Buckley is famous in the local area for its annual celebration and march called the ‘Buckley Jubilee’. The Jubilee has been running unofficially for well over 200 years, although ‘officially’ from 1856 when the Buckley Temperance Society first sanctioned the march. The term “Jubilee” first being used for the march in 1871. Held on the second Tuesday of every July, the celebration starts off in the large common ground called “The Common” before leaving the common and marching around the town. The march is conducted by the town’s Sunday Schools, Scout, and Guide troops, as well as the local schools, with the numerous contingents of the march carrying banners.
The town is also known for its Tivoli nightclub (known locally as “The Tiv”), which has been a venue for many famous bands playing live there over the years. Famous bands such as Black Sabbath and Led Zeppelin in the 1970s to Oasis, Radiohead, and Super Furry Animals in the 1990s have played live at the venue. Since a renovation and rebranding in 2000, few big bands play live there anymore with the emphasis of the club’s music policy switching to commercial and pop music although live music gigs still happen regularly at the venue, and it is still a popular venue for music lovers from the local area.
There are many sources where Buckley’s name could originate from. As Buckley’s foundations are based on an Anglo-Saxon settlement, it is possible the name could derive from the Old English ‘bok lee’, meaning ‘clearing in a beech wood’. However, it could also derive from the Welsh description of ‘bwlch y clai’ meaning ‘clay hole’ which is also possible considering the industries the town would become famous for.

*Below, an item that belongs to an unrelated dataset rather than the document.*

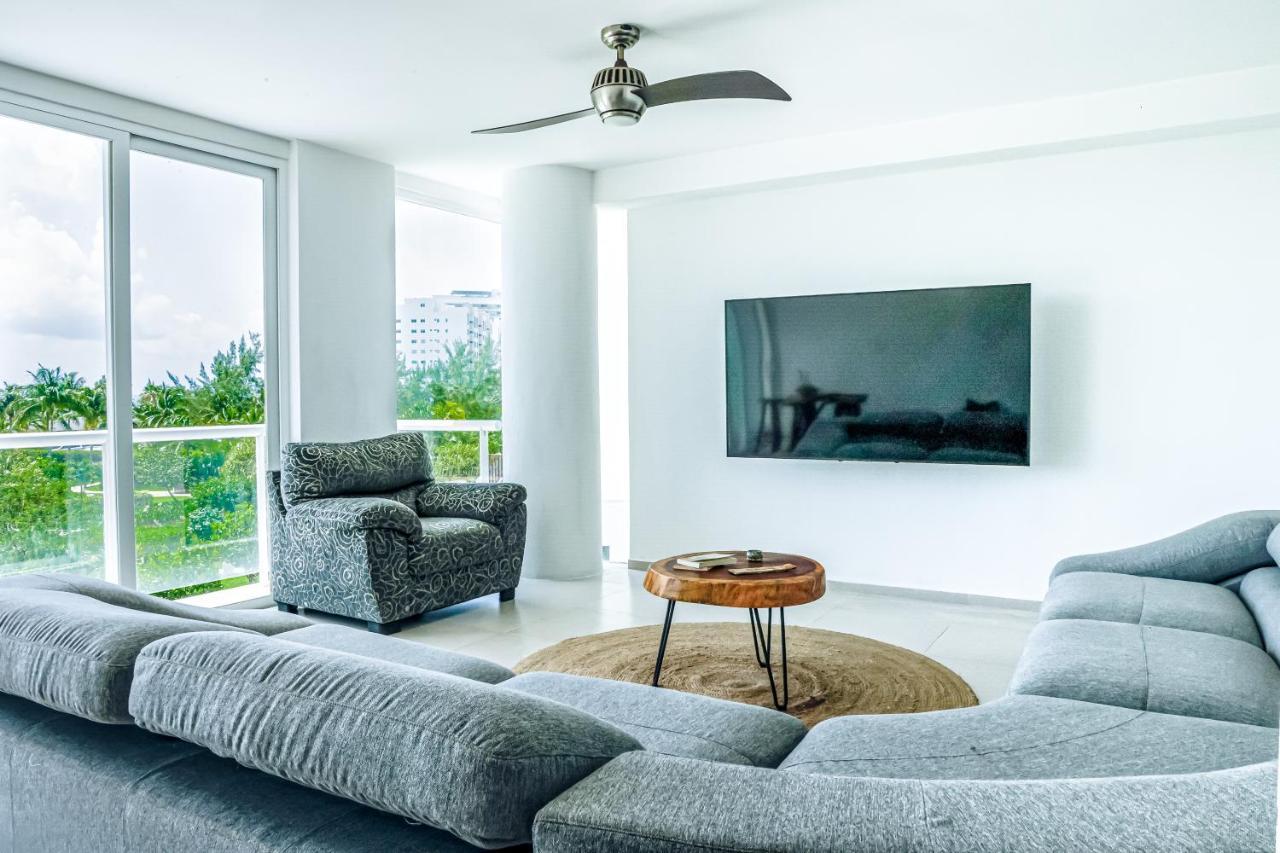 Beachfront Luxury Apartments 칸쿤 외부 사진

Buckley would become a significant settlement within North East Wales as it became an industrial heartland for pottery and coal mining between the seventeenth and nineteenth centuries. The town became a popular location for coal mining due to the many geographic faults in the local rock formations that allowed seams of coal to be mined directly from the surface. In addition, its heavy clay soil was ideal for producing excellent quality pottery and as well as manufacturing high-quality bricks. Its bricks were so highly regarded, they were transported across the United Kingdom and as far as the United States resulting in brick production becoming extensive in the town.

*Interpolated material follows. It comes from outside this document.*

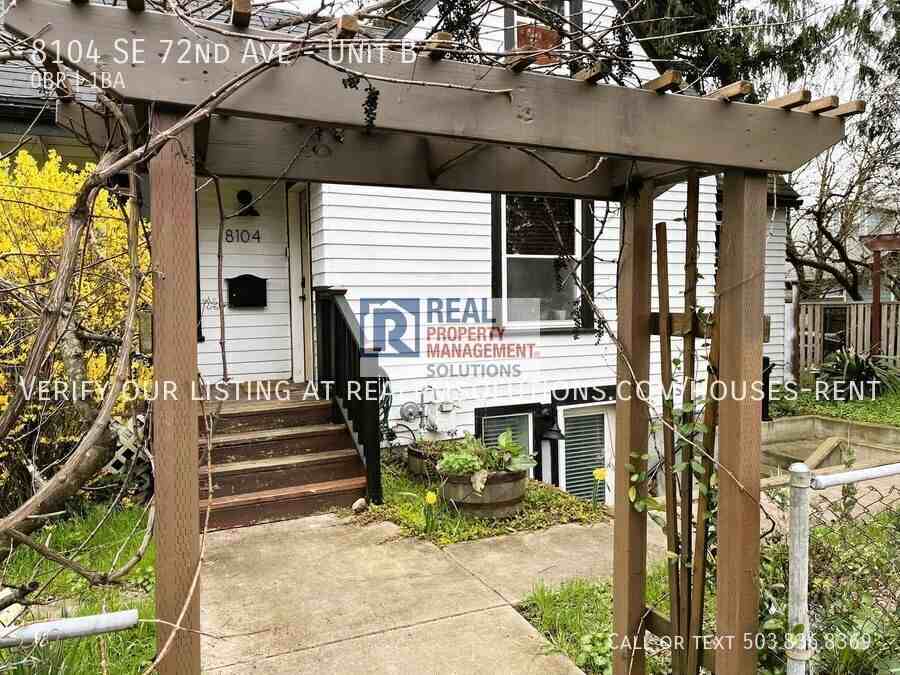 8104 Se 72nd Ave #B - Photo 2 of 27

As a result of the extensive mining and brick production being prevalent within Buckley, a great number of people moved into the area to find work within the ever-increasing coal and brick industries. With a large number of workers coming from Ireland and Liverpool, it gave the town both a distinctive accent and dialect which was being spoken until the last half of the twentieth century. Even though the dialect is not spoken today, there is plenty of evidence of it being recorded through the books of noted linguist and Buckley resident, Dennis Griffiths.

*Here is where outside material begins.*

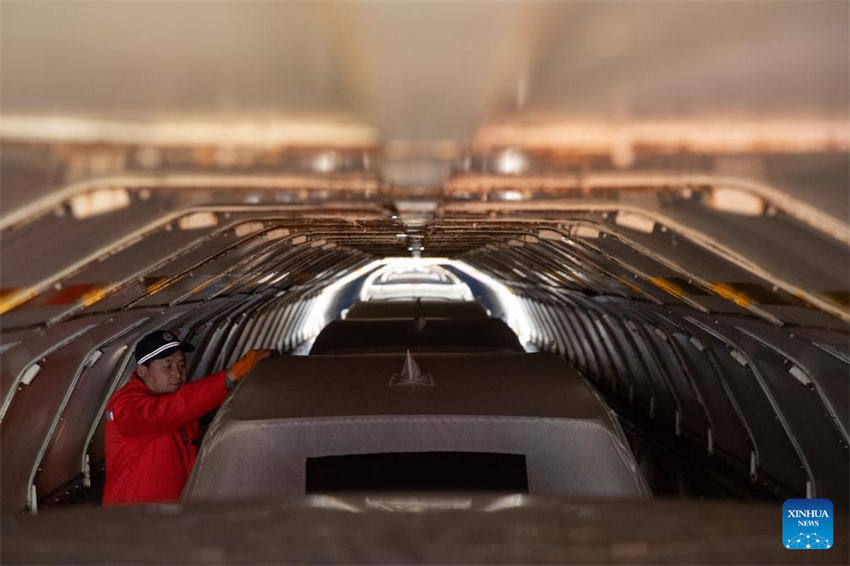 Heilongjiang lan?a trem de carga JSQ de Harbin para a Europa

Even though coal mining and brick production were large employers within Buckley, the town would become synonymous with the production of various fire-clay and pottery products. Pottery and earthenware products have been produced in the town since the reign of Elizabeth I, when they were taken by donkey to either be sold at the large Chester market or exported around the country via the River Dee. Pottery manufacture became so significant in Buckley that by the start of the nineteenth century, there would be as many as fourteen potteries based in the town. However, the industry would sadly deteriorate in the first half of the twentieth century, with both World Wars and the Great Depression of the 1930’s causing many companies to cease production, resulting in the last pottery kiln to fire up in the town in 1946.